• **DATA SHOWN**
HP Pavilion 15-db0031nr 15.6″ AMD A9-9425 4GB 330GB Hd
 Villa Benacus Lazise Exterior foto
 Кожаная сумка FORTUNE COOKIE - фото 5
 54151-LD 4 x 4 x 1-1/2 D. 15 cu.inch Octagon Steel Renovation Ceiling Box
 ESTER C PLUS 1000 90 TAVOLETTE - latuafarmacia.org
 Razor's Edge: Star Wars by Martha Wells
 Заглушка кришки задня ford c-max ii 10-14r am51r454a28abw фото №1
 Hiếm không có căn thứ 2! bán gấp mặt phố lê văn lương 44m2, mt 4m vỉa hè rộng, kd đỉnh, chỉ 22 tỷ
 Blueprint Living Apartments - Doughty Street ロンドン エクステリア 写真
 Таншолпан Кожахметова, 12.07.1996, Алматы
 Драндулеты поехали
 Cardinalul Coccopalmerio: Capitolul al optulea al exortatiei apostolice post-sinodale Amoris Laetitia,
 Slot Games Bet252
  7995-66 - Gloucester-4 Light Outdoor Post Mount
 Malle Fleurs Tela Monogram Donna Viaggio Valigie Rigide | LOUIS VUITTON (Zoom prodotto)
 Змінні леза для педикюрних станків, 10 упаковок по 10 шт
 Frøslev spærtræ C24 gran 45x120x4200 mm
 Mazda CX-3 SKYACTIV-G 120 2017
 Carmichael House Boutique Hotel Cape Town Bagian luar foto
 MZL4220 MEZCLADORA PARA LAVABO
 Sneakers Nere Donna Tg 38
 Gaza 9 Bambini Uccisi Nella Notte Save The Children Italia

• **WHAT THE TASK ASKS**
Return the full listing unchanged.

• **EXPECTED OUTPUT**
HP Pavilion 15-db0031nr 15.6″ AMD A9-9425 4GB 330GB Hd
 Villa Benacus Lazise Exterior foto
 Кожаная сумка FORTUNE COOKIE - фото 5
 54151-LD 4 x 4 x 1-1/2 D. 15 cu.inch Octagon Steel Renovation Ceiling Box
 ESTER C PLUS 1000 90 TAVOLETTE - latuafarmacia.org
 Razor's Edge: Star Wars by Martha Wells
 Заглушка кришки задня ford c-max ii 10-14r am51r454a28abw фото №1
 Hiếm không có căn thứ 2! bán gấp mặt phố lê văn lương 44m2, mt 4m vỉa hè rộng, kd đỉnh, chỉ 22 tỷ
 Blueprint Living Apartments - Doughty Street ロンドン エクステリア 写真
 Таншолпан Кожахметова, 12.07.1996, Алматы
 Драндулеты поехали
 Cardinalul Coccopalmerio: Capitolul al optulea al exortatiei apostolice post-sinodale Amoris Laetitia,
 Slot Games Bet252
  7995-66 - Gloucester-4 Light Outdoor Post Mount
 Malle Fleurs Tela Monogram Donna Viaggio Valigie Rigide | LOUIS VUITTON (Zoom prodotto)
 Змінні леза для педикюрних станків, 10 упаковок по 10 шт
 Frøslev spærtræ C24 gran 45x120x4200 mm
 Mazda CX-3 SKYACTIV-G 120 2017
 Carmichael House Boutique Hotel Cape Town Bagian luar foto
 MZL4220 MEZCLADORA PARA LAVABO
 Sneakers Nere Donna Tg 38
 Gaza 9 Bambini Uccisi Nella Notte Save The Children Italia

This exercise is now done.